Wittaya Subphayuth (also spelled Vittaya, วิทยสัประยุทธ์, , /th/) is a Thai educational game show initiated and sponsored by the Institute for the Promotion of Teaching Science and Technology (IPST) and produced by Workpoint Entertainment under the vision and direction of IPST. The programme features competitions between upper-secondary school students to create a machine to perform various tasks. It was broadcast weekly on Channel 5, for two seasons, from 2011 to 2013.

==Production==
Wittaya Subphayuth is produced by Workpoint Entertainment in cooperation with its main sponsor, the Thai Ministry of Education's Institute for the Promotion of Teaching Science and Technology (IPST). The programme's stated objectives include to promote science education and to publicize the scientific potential of Thai students. It was broadcast weekly on Saturdays at 18:00 on Channel 5, beginning on 5 March 2011. It was shown for two seasons, the last episode being broadcast on 23 February 2013.

==Format==
The programme features upper-secondary student representatives from forty-eight schools countrywide, in teams of three, competing in single-elimination tournaments. Each episode consists of a match between two schools, whose teams are assigned to design and build a machine to complete a specific task, sometimes in Rube Goldberg fashion.
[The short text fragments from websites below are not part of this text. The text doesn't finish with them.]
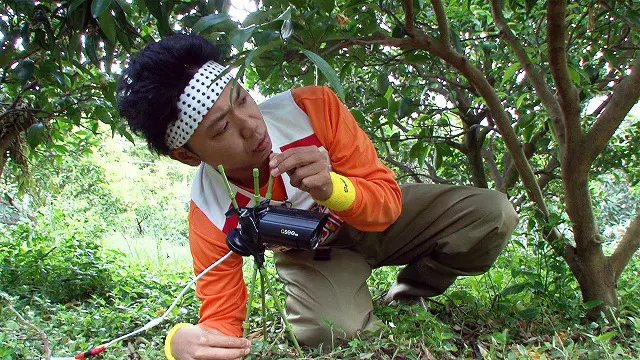 【写真を見る】サンシャイン池崎は“超カワイイ害獣”の駆除へ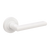 Zanda Epic Dummy Lever Set Door Handle Matte White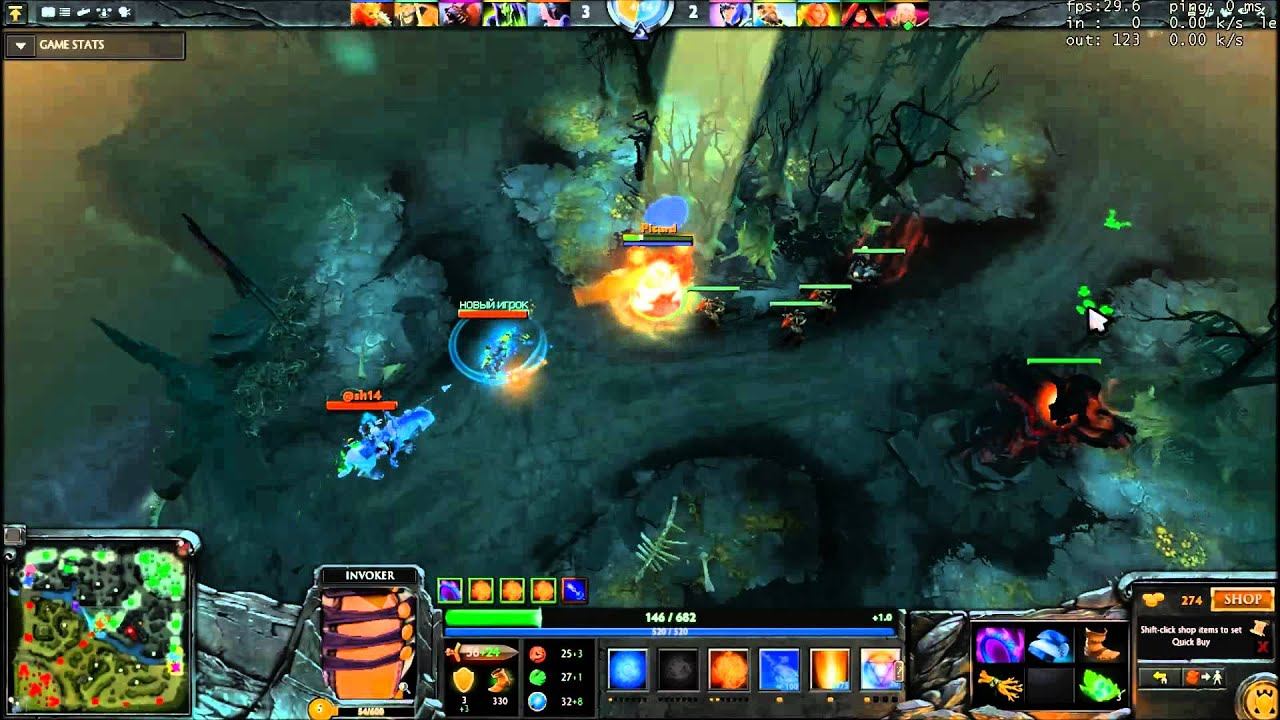 [Dota2] Luckiest lvl up of my life [Dota2] смотреть онлайн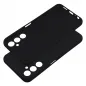 Samsung Galaxy A05s Hülle Silicone Elegant  Schwarz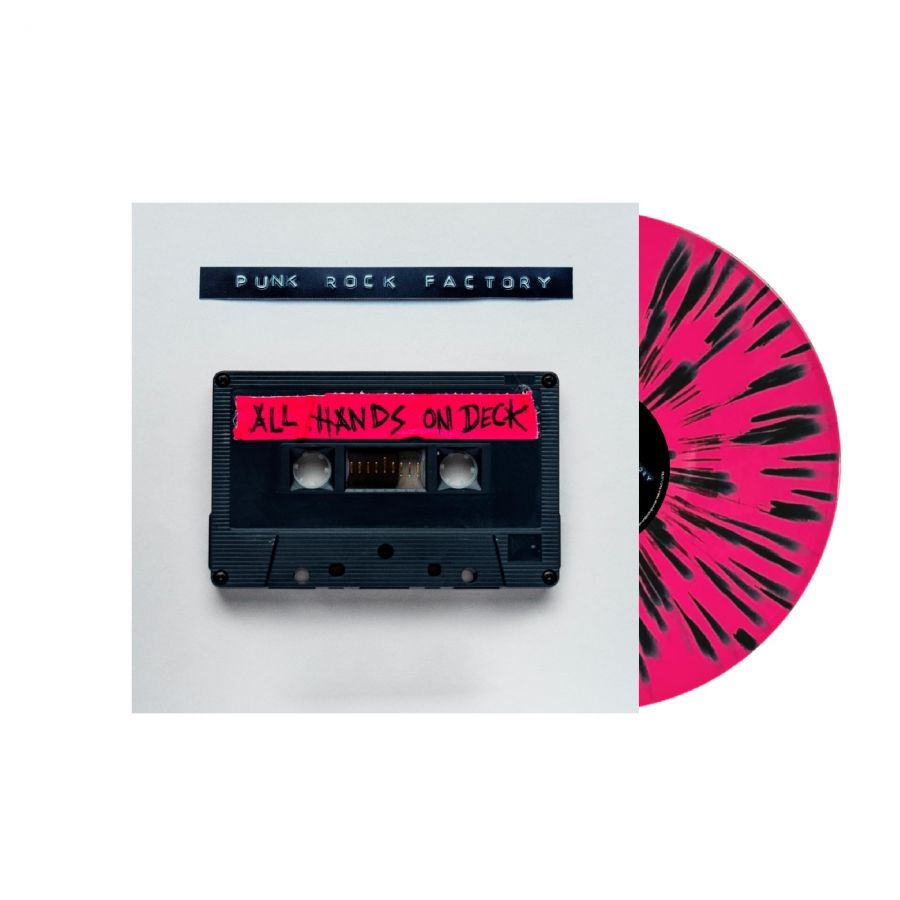 Punk Rock Factory - All Hands On Deck (Black & Pink Spl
For example, the problem for the episode broadcast on 27 August 2011 was to determine the weight of a tuk-tuk using a regular market weighing scale.
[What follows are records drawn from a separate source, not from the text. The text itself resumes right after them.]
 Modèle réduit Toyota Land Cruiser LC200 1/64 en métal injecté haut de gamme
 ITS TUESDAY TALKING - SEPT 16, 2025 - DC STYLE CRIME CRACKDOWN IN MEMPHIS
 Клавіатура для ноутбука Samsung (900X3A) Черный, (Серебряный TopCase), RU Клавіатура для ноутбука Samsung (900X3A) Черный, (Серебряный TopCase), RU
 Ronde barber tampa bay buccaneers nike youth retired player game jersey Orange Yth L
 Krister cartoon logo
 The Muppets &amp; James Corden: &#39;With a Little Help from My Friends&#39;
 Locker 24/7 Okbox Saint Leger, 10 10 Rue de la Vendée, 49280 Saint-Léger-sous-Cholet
The programme is presented by Nattee Kosolpisit. Each episode consists of four sections: two showing each team's construction of the machine, one showing the competitors' presentations of their machines' concepts, and one showing actual application of the machines. The teams are scored depending on their success in completing the task, as well as by audience votes and by a panel of three or four judges, depending on the round. The two regular judges are Surachate Limkumnerd and Worawarong Rakreungdet, physicists at Chulalongkorn University and King Mongkut's University of Technology Thonburi, respectively.

==Reception and results==
Wittaya Subphayuth won the Best Game or Quiz Programme category in the 2011 Asian Television Awards, beating India Minute to Win It Season 1 (Episode 2) and Workpoint's other nominee Ratcharod Ma Koey. It also won Thailand's Golden Television Award in the general educational programme category.

The first season, which concluded on 10 March 2012, was won by students from the Prince Royal's College, Chiang Mai.